*** Opening of DATA SEGMENT ***

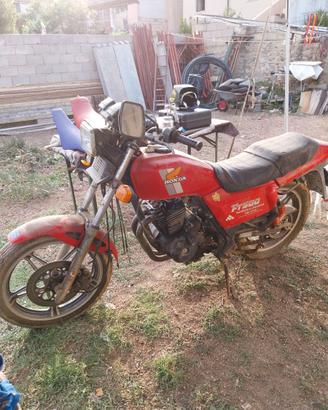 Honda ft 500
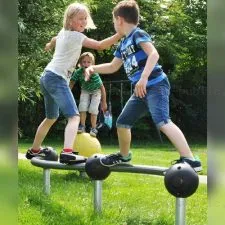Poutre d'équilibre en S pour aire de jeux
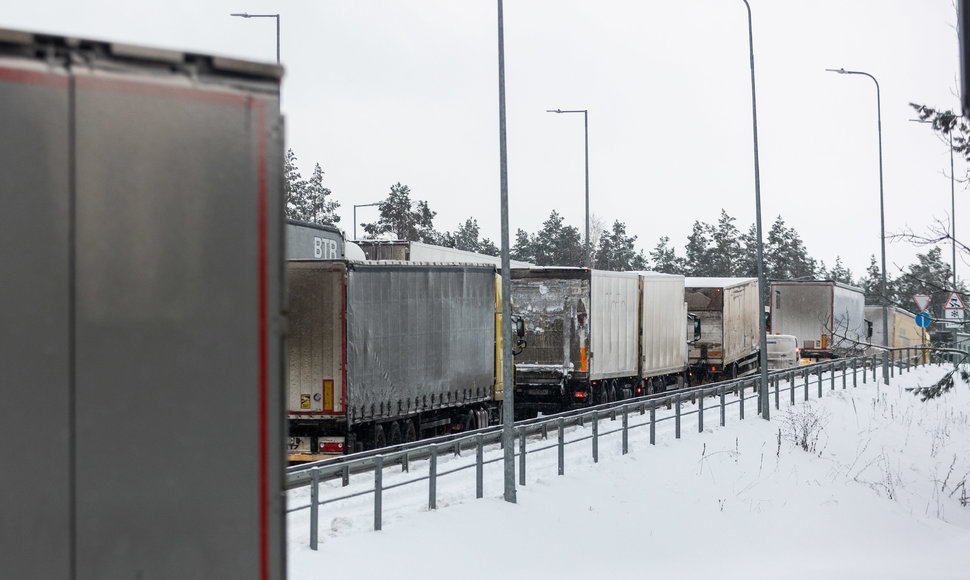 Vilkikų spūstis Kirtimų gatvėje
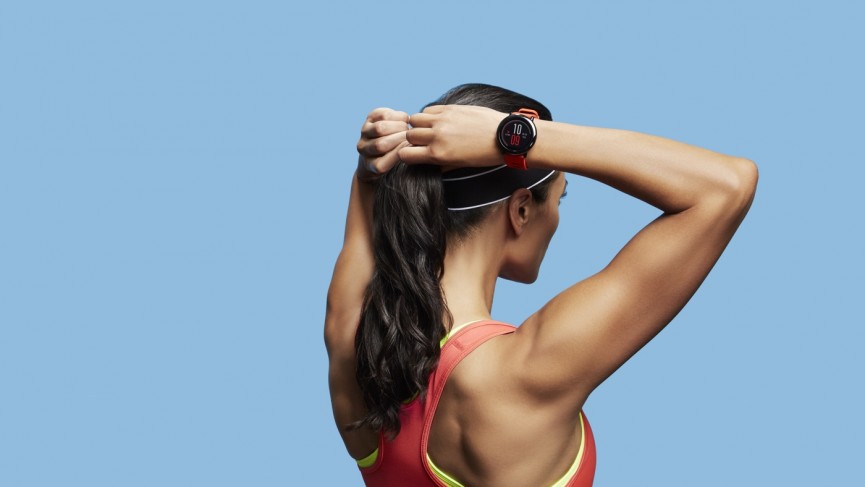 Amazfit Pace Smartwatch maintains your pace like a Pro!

*** Close of DATA SEGMENT ***

*YOUR INSTRUCTIONS:*
Could each line of the data be written out exactly, with no pictures included?

*TASK ANSWER:*
 Honda ft 500
Poutre d'équilibre en S pour aire de jeux
 Vilkikų spūstis Kirtimų gatvėje
 Amazfit Pace Smartwatch maintains your pace like a Pro!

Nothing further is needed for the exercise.